Urla, Karaburun ve Çeşme ilçelerinde ÇED süreçlerine dikkat çeken Kınay şunları söyledi:

“Enerji tesisleri, taş ocakları ve balık yetiştirme tesisi yatırımları arttı. Yarımada bölgesindeki bazı rüzgar enerji santralleri ile ilgili ÇED Olumlu kararlarının iptaline ilişkin bölge halkı tarafından hukuki süreçler yürütülmektedir. Diğer ilçelerde, kalker, kireç ve malzeme ocakları ile kırma-eleme tesisleri, süt ürünleri ve tavukçuluk tesisleri yatırımları görülmektedir. Kentin yapılaşma sürecine bağlı olarak artan taş ocakları da kentleşme sürecinin bir diğer etkisi olarak karşımıza çıkmaktadır.”

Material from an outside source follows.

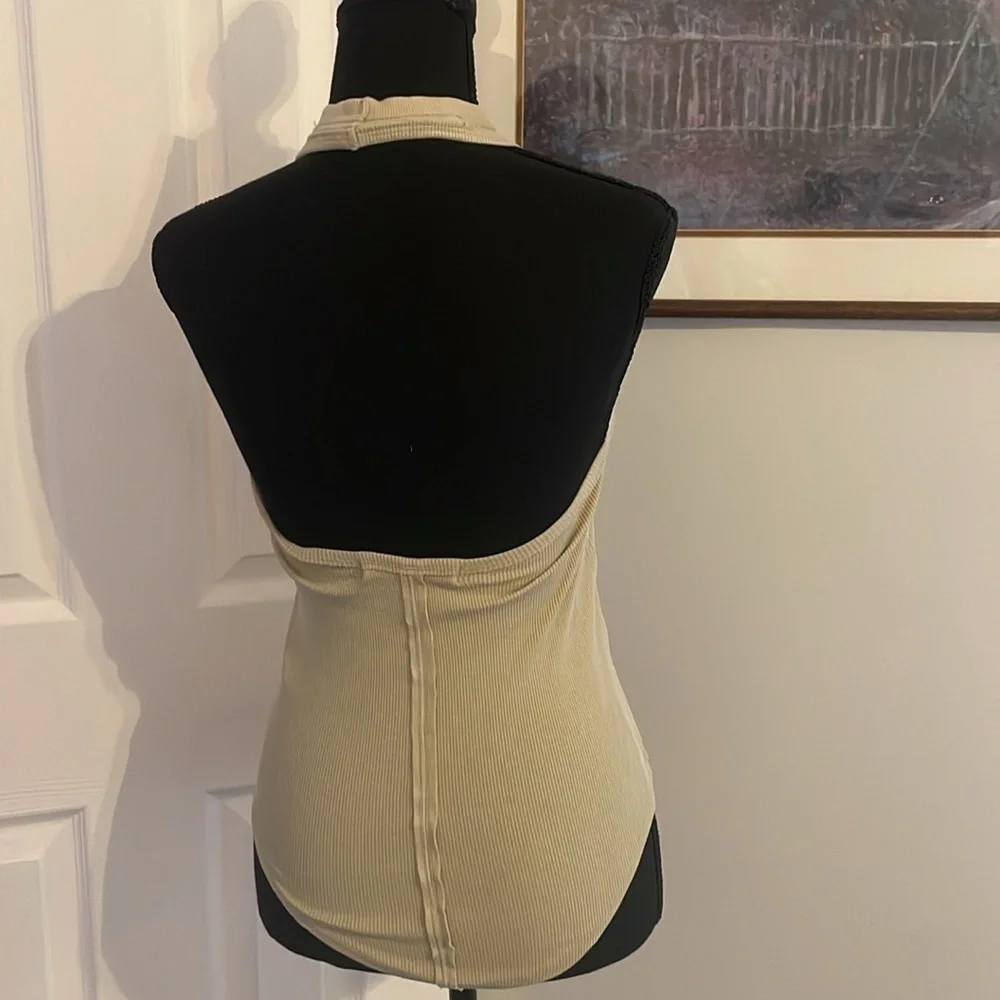 We The Free / Free People - high neck halter tank size xs - Picture 2 of 3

KINAY YER SEÇİMLERİNE DE DİKKAT ÇEKTİ
Yer seçimlerine de değinen Kınay, “Tüm bu süreçlerde; bütünsel bir planlama anlayışı, çevresel yük kapasitesi, faaliyetlerin getireceği ardıl etkilerin, kamu yararının bütünsel bir planlama ve bakış açısı ile değerlendirilmesi ve faaliyetlerin getirdiği yatırım ve alan kullanım kararlarının doğru değerlendirilmesi önemlidir. Bu noktada; ÇED sürecini yürüten Çevre Şehircilik Bakanlığının yanı sıra; özellikle yer seçim sürecine ilişkin olarak tarım, orman, doğal karakteri korunacak alanlar, su havzaları vb. hususlar ile ilgili olarak sorumlu Kamu Kurumlarının da faaliyetlerin getireceği yük ve etkileri doğru değerlendirmesi önem kazanmaktadır.” İfadelerini kullandı.